Department of Medicine, Johns Hopkins University School of Medicine, Baltimore, MD.
Department of Preventive Medicine, Feinberg School of Medicine, Northwestern University, Chicago, IL.
Am Heart J. 2014 Sep;168(3):391-7. doi: 10.1016/j.ahj.2014.06.009. Epub 2014 Jun 9.
Electrocardiographic (ECG) abnormalities and coronary artery calcium (CAC) identify different aspects of subclinical coronary heart disease (CHD). We sought to determine whether ECG abnormalities improve risk prediction for all CHD and fatal CHD events jointly with CAC measures.

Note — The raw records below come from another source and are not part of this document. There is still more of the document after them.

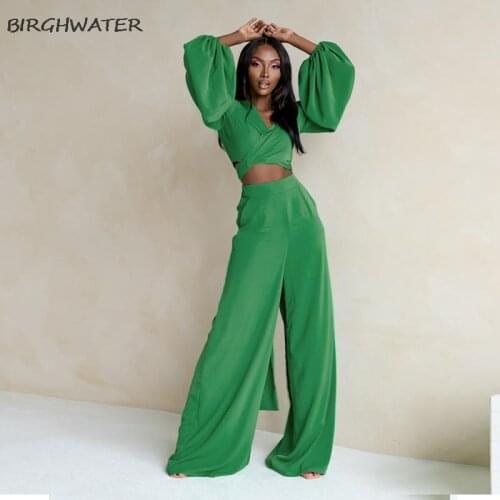 Women Sexy 2 Piece Set Lantern Sleeve Crop Tops Wide Leg Pants Bandage Fall Outfits Streetwear Rave Festival Club Matching Sets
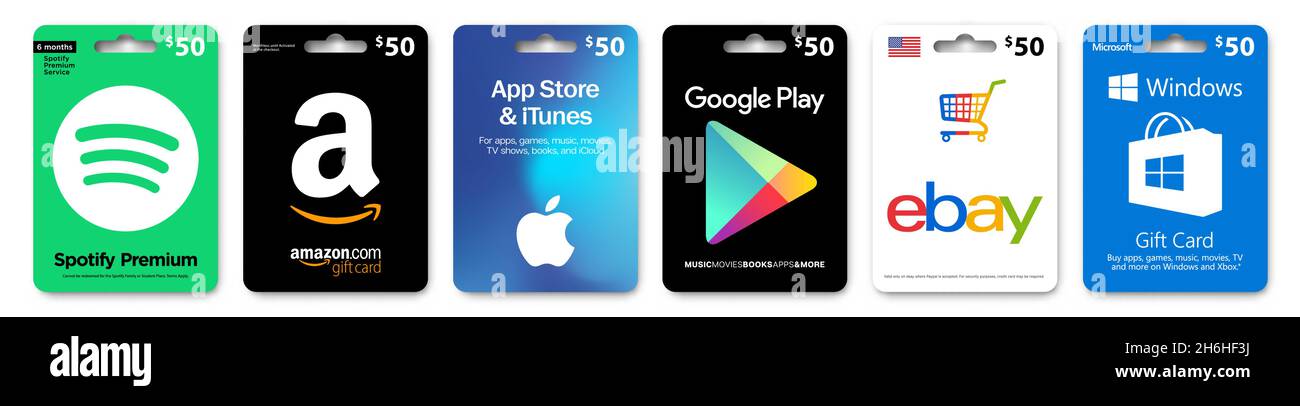 Set of gift card Spotify, Amazon, Apple Store, Google Play, Ebay, Windows, Realistic effect isolated on white background. in vector format Stock Vector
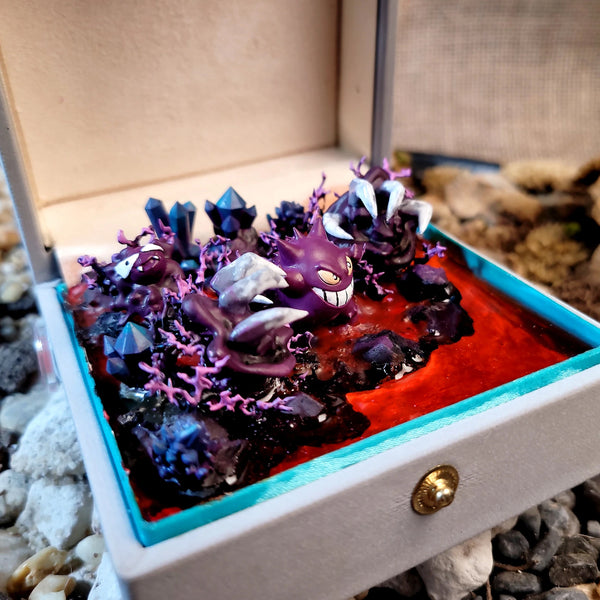 PKM Gengar Island Diorama Treasure Mistery Box Gift Epoxy Resin, Night Light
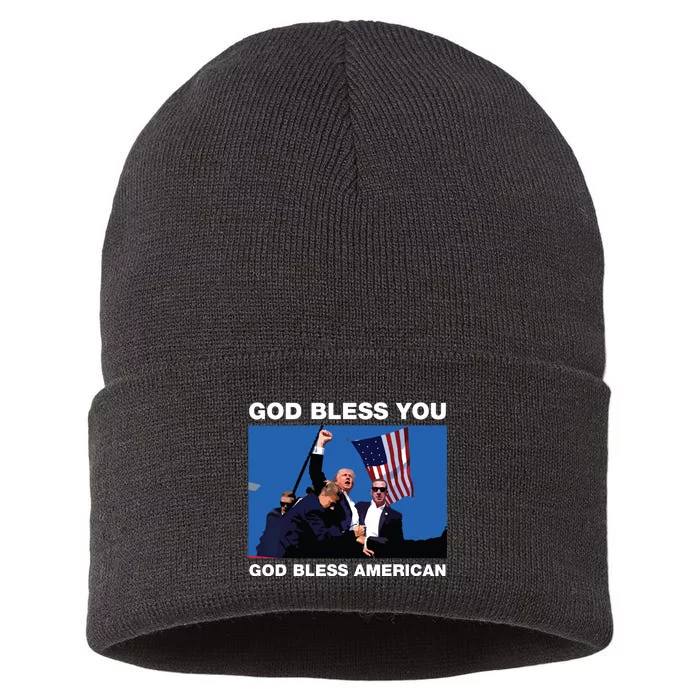 Donald Trump 2024 God Bless You God Bless America Sustainable Knit Beanie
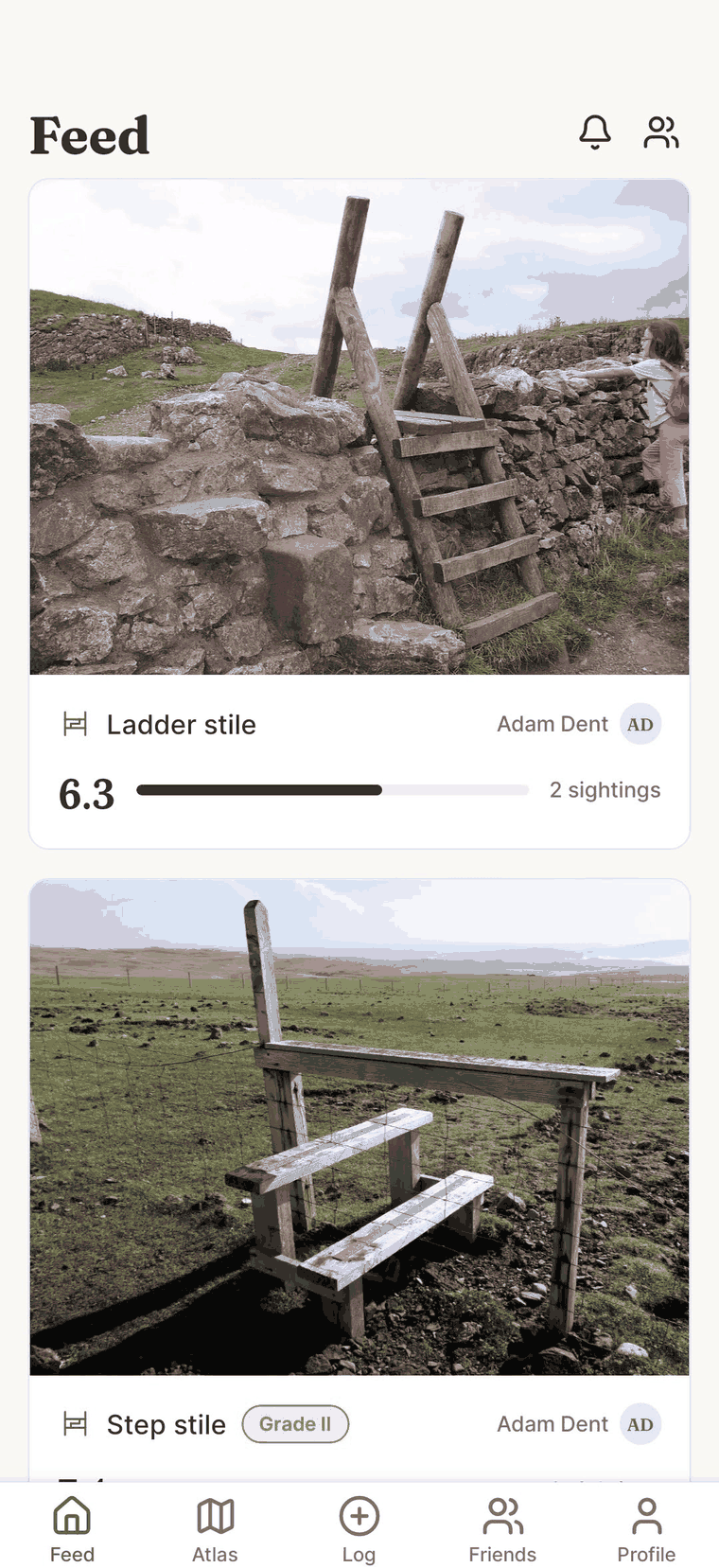 The Clamber feed: a ladder stile scoring 6.3 from two sightings, and a step stile carrying a Grade II badge.
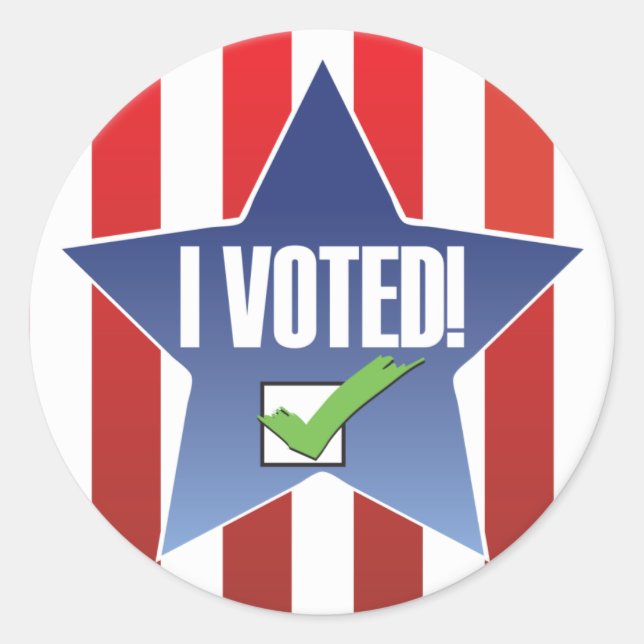 I Voted! Badge Sticker (Front)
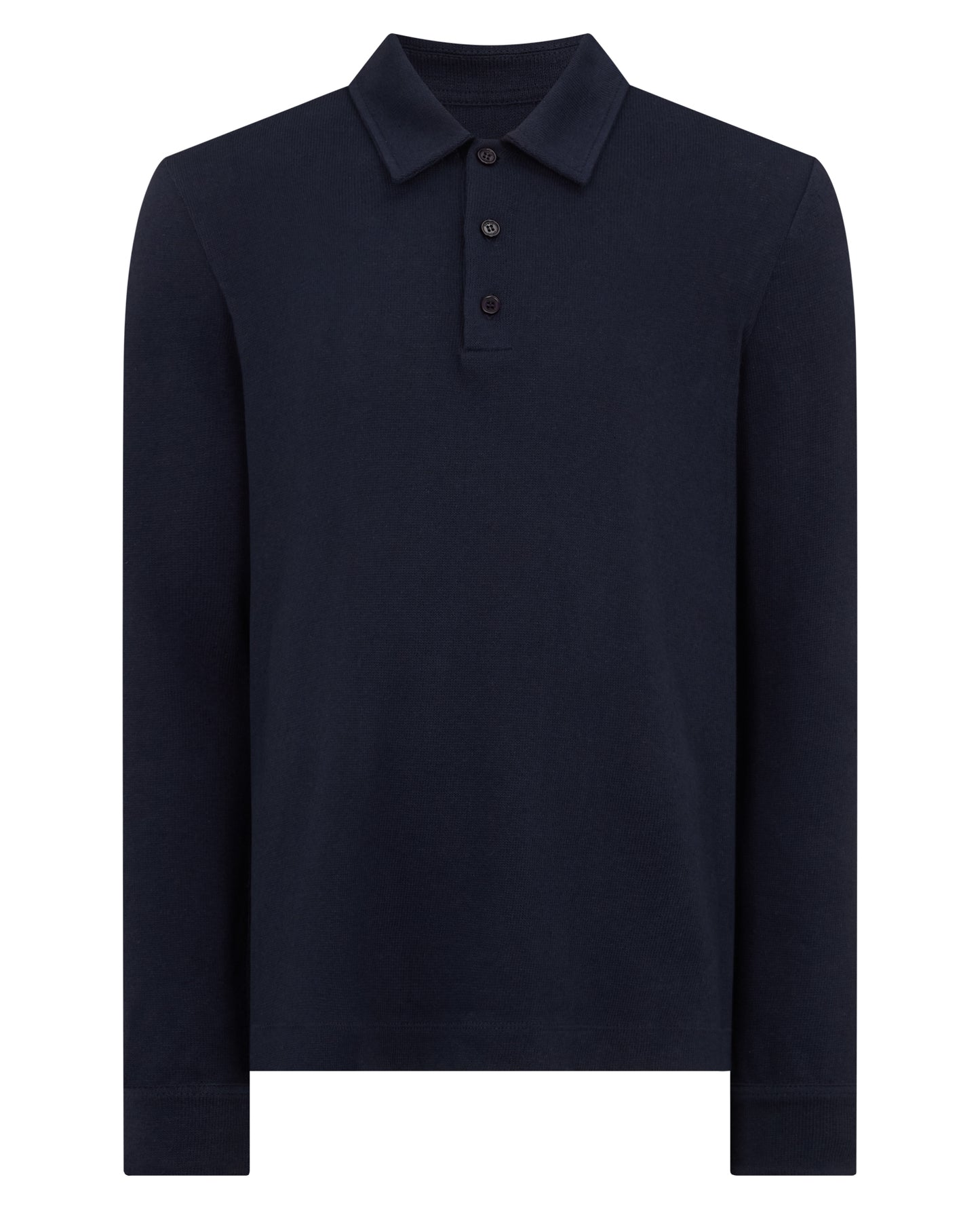 Man wearing a navy Relaxed Fit Cotton-Linen Polo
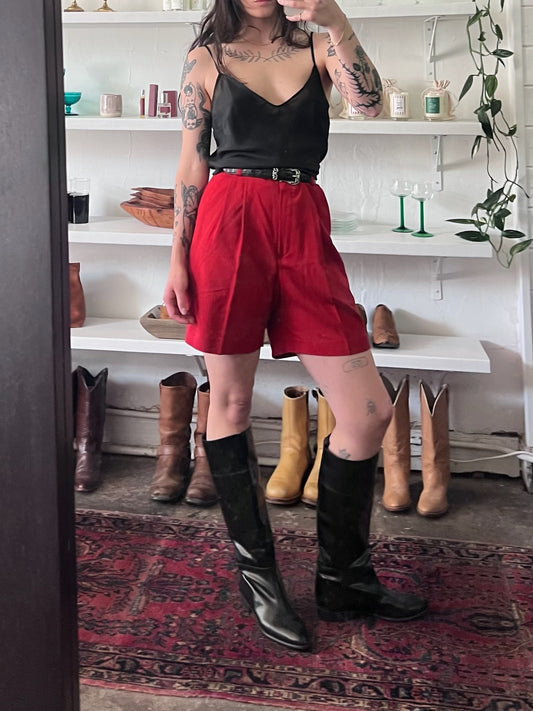 Vintage Jet Black Leather Riding Boot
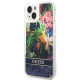 Guess iPhone 14 Flower Liquid Glitter Σκληρή Θήκη - Blue - GUHCP14SLFLSB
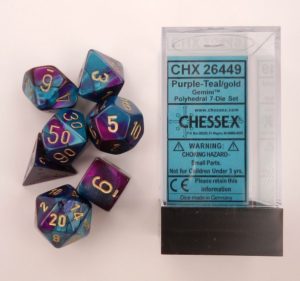 Set de 7 dés Chessex 7D Gemini : Purple/Teal w/Gold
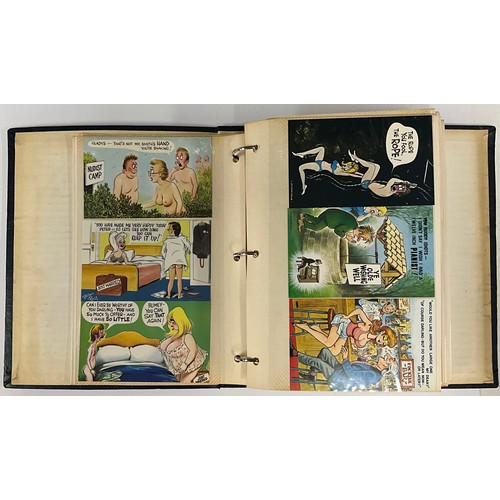 346 - A collection of approx 240 Risqué and Humorous post cards,  in one album.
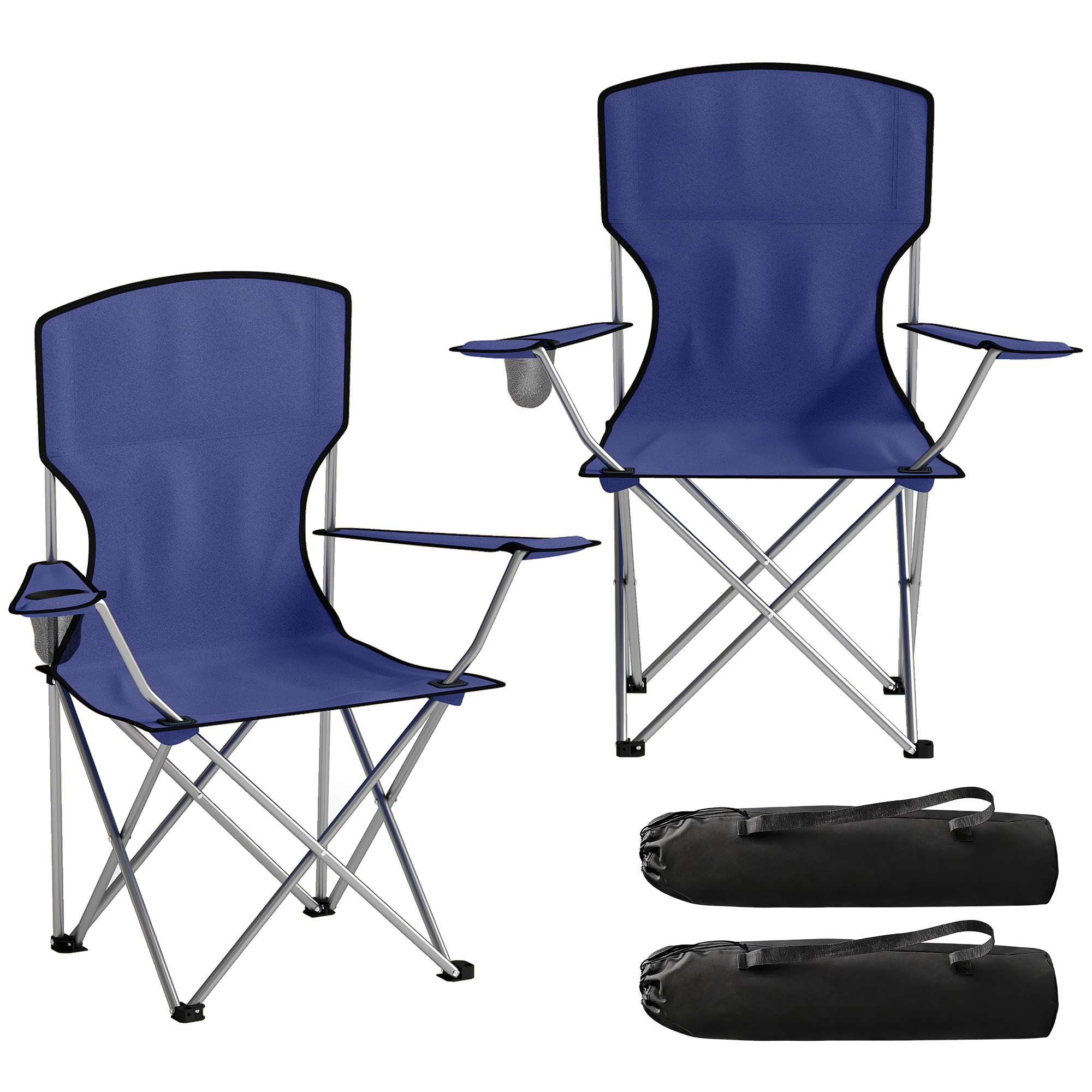 Outsunny Set 2 sedie campeggio pieghevoli con portabicchiere e sacca, Blu scuro Aosom Italy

We included 6,406 men and women from the MESA aged 45 to 84 years who were free of cardiovascular disease at the time of enrollment (2000-2002). We stratified participants by presence of ST-T and Q wave abnormalities: any major, any minor/no major, and no major/minor using the Minnesota Code classifications. CAC score was defined into one of the following strata: 0, 1 to 100, 101 to 300, greater than 300. We created risk prediction models using MESA-specific coefficients for traditional risk factors (RFs) and calculated categorical net reclassification improvement (NRI) for all and fatal CHD.
Over a median follow-up of 10 years, we observed that the addition of ECG abnormalities to a risk prediction model for all CHD resulted in a categorical NRI of 0.05 (P = .04). For fatal CHD alone, the addition of ECG abnormalities resulted in categorical NRI of 0.09 (P = .02). Addition of ECG abnormalities to a model containing RFs and CAC resulted in categorical NRI of 0.02 (P = .11) for all CHD events. We also observed differences in the association between ECG abnormalities and CHD when stratifying by CAC presence.
Electrocardiographic abnormalities improved risk prediction for CHD when added to RFs but not when added to CAC. Electrocardiographic abnormalities particularly improved risk prediction for fatal CHD.
心电图(ECG)异常和冠状动脉钙(CAC)可识别亚临床冠心病(CHD)的不同方面。我们旨在确定心电图异常是否可以与 CAC 测量结果一起改善对所有 CHD 和致命性 CHD 事件的风险预测。
我们纳入了年龄在 45 至 84 岁、在入组时(2000-2002 年)无心血管疾病的 MESA 研究中的 6406 名男性和女性。我们根据 ST-T 和 Q 波异常的存在对参与者进行分层:任何主要、任何次要/无主要和无主要/次要,使用明尼苏达州代码分类。CAC 评分定义为以下任何一个区间:0、1 至 100、101 至 300、大于 300。我们使用 MESA 特定的传统危险因素(RFs)系数创建风险预测模型,并计算所有 CHD 和致命性 CHD 的分类净重新分类改善(NRI)。
在中位数为 10 年的随访期间,我们观察到将心电图异常添加到所有 CHD 的风险预测模型中可使分类 NRI 增加 0.05(P=0.04)。对于致命性 CHD 单独而言,添加心电图异常可使分类 NRI 增加 0.09(P=0.02)。将心电图异常添加到包含 RFs 和 CAC 的模型中,可使所有 CHD 事件的分类 NRI 增加 0.02(P=0.11)。我们还观察到在根据 CAC 存在情况对心电图异常与 CHD 之间的关系进行分层时存在差异。
当添加到 RFs 时,心电图异常可以改善 CHD 的风险预测,但当添加到 CAC 时则不然。心电图异常尤其可以改善致命性 CHD 的风险预测。